9月11日放送

久保田圭祐さん 病気を始め大変辛い状況を経験した人が、そのあとその経験を糧にしてそれまで以上の力を発揮して前に進んでいく。なぜそんな切り替えが出来るのか、なぜより強い力が出てくるのか。・・・
 実際にお話を訊いてみると、そんな行動の原動力には共通点があることがわかる。
 それは、何かが起こったときに、「自分以外のせいにしない」しなやかな強さがあるということ。
 「なぜ自分ばかりこんな目にあうのか・・・親のせい、周りのせい、社会のせい、誰かのせい」・・・そんな堂々巡りから抜け出して、「今、この状況で出来ることは何か?誰かが、ではなく、自分がまず出来ることは何か?」と自問自答して、動き出す。
 そんな力こそが何より大事なのだということを、苦しい思いをした人たちの経験から気づかされる。

 旭川医科大学医学部1年生の久保田圭祐さんもそのひとり。頭に強い衝撃を受けたことで発症した「脳脊髄液減少症」との闘いは、想像を遙かに超える辛い日々だっただろうと胸が締め付けられたが、2年かけて病名を突き止め、治療を受け、逆に病気で苦しむ人たちに寄り添いたいと、医者を目指して医大を受験し、病気を知って貰うための活動に取り組んでいる。
 まずは「今の自分に何が出来るだろう」をブレさせずに、自分の中の力をあきらめずに進んできたということが伝わってきた。

 そして、あきらめずに前に進んでいると、やはり、人には絶妙な出逢いがあることにも驚かされる。病名が分からずに、もう自分で命を終わらせた方がいいとも思い詰めていたという久保田さんだが、たまたま、お母さんの知人がこの病気に罹り、「脳脊髄液減少症」の認知度を高めるため署名をしてほしいとお母さんに依頼したのだという。
 ぎりぎりのところで、まるで目の前に「糸」が垂れてくるように、「救い」が用意されているのである。
 であるならば、それまでの試練というのは、「試された」のだろうか。
 「この人なら乗り越えられる」という人の所を選んで、さらなる苦難をさらなる徳を積むために与えられるのだろうか。
 こんな偶然の救いが絶妙なタイミングでもたらさせたことを聞くと、やはりそんなことを考えたりする。

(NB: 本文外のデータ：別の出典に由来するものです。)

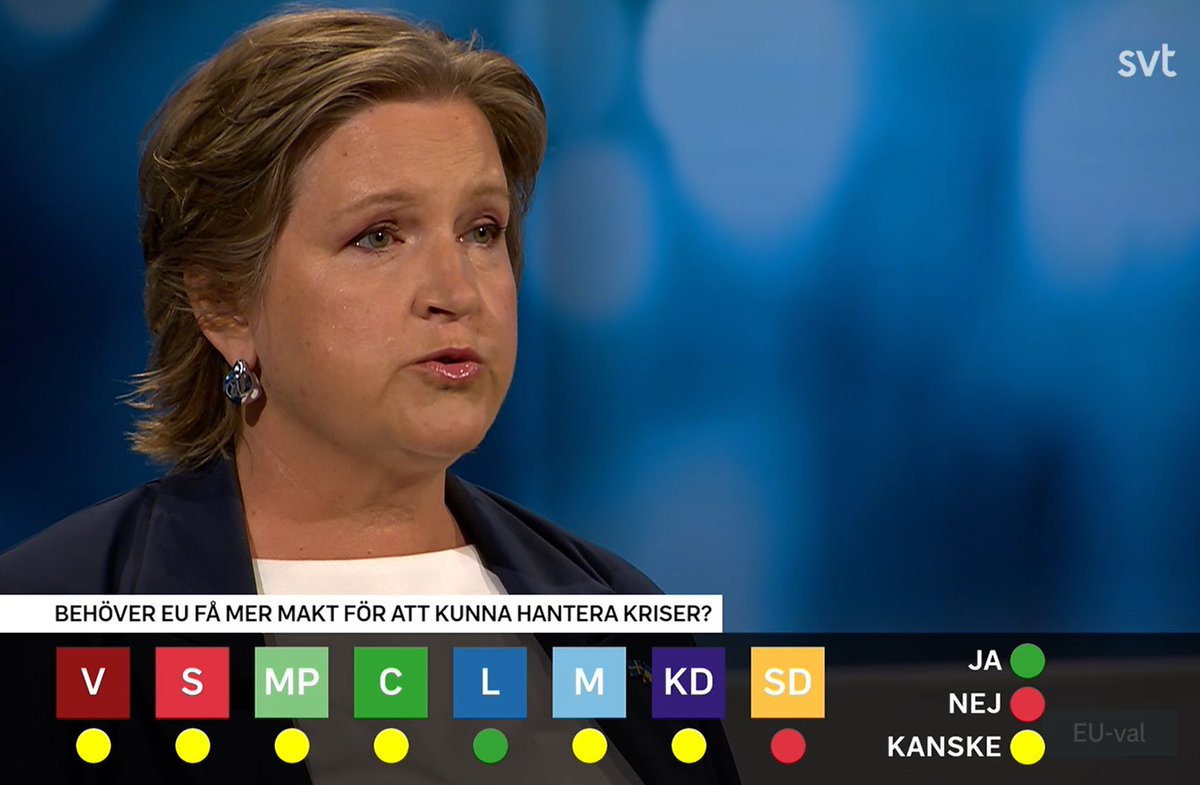 Det finns bara ett parti att rösta på om man vill ha ett starkare Europa.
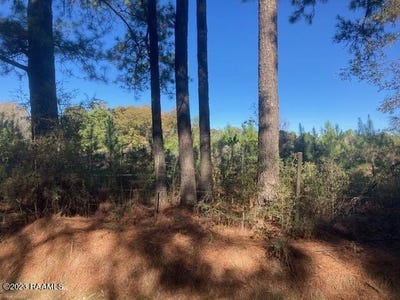 /international/us/landry-lane-lot-see-survey-eunice-la-110105414522/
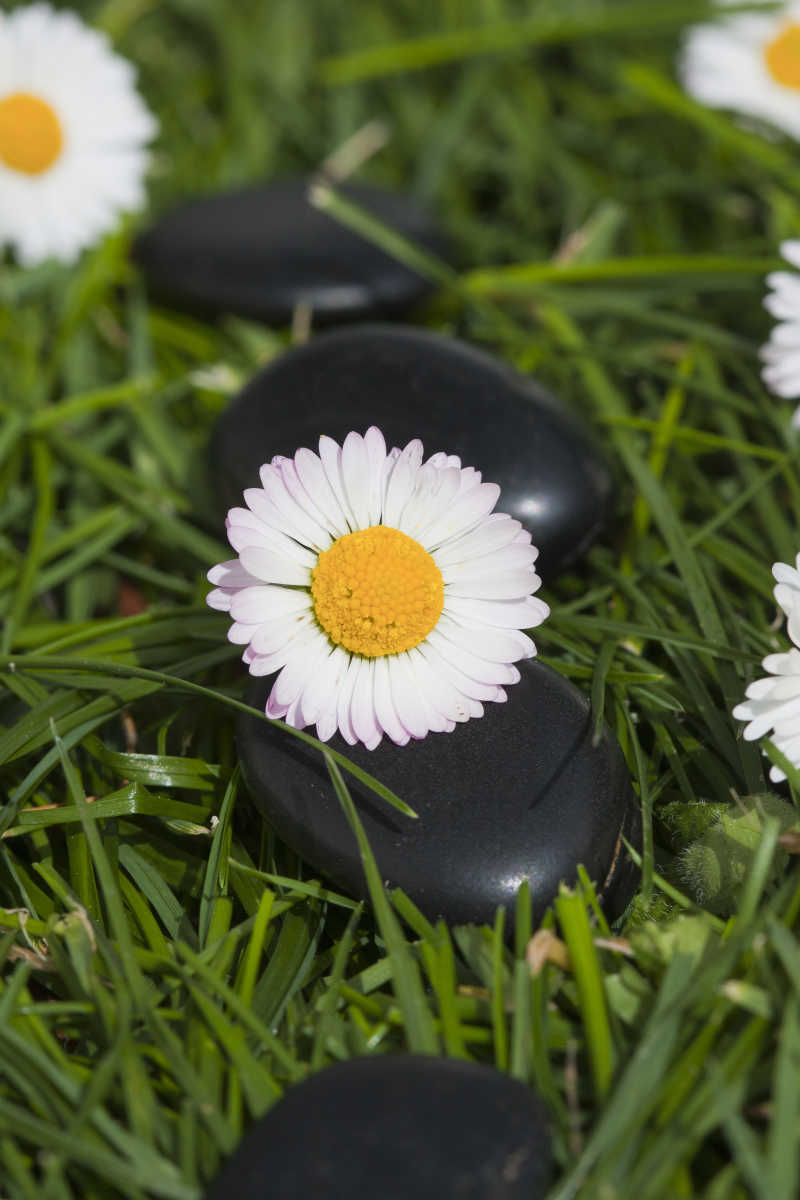 草坪上的黑色温泉石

久保田圭祐さん そんな試練を経て、久保田さんは医者になることを決意し、医大に入るべく猛勉強に励む。「病の時は辛かったけど、あれがなかったら、困っている患者のために医者になろうって本気で思わなかったかもしれないなあ」と久保田さん。
 試練の人には、辛いことのあったその分量だけ、目に見えない宝ものももたらされる。「人」という恵みもしかり。二浪して受験勉強を続ける中で、家庭教師をしてくれた先生もかけがえのない出会いだったそうだ。その人も、自分に降りかかった病気を克服しながら、3年かけて医大に合格。久保田さんの不安な気持ちを受けとめてくれたことはもちろん、久保田さん曰く、「勉強も教えてくれたけど、それ以上に"人間"を教えて貰った人」。その先生自身が苦労の中から手に入れた努力の仕方を教えて貰えたと感じているそうだ。
 晴れて医大に合格したときに、感謝の思いで久保田さんはその先生に伝えた。
 「先生に見捨てられないようにと、先生の持っている紐を離さないように掴んでいたら、気づいたら医大に合格していました」と。
 先生は、こう返してくれたそうだ。
 「それは君がその紐を離さないでいてくれたからだよ」。

 過酷な経験をした人が、それを糧にしてそれまで以上の力を発揮して前に進んでいく。
 なぜそんなことができるのか。・・・
 その生き方の原動力には共通点があることがわかる。
 起こった出来事を受けとめ、あきらめないしなやかさ。
 そして、時を選んで目の前にやってくる「救いの紐」を信じ、離さない強さがある、と。

(インタビュー後記 村井裕子)

※この病気をもっと詳しく知りたいという方は、是非、脳脊髄液減少症患者・家族支援の会北海道「絆会」のホームページなどで詳細を調べて欲しい。久保田さんがラジオでお話しされたことがきっかけで、誰かの病気の発見に繋がり、同じように救われる人があればと願います。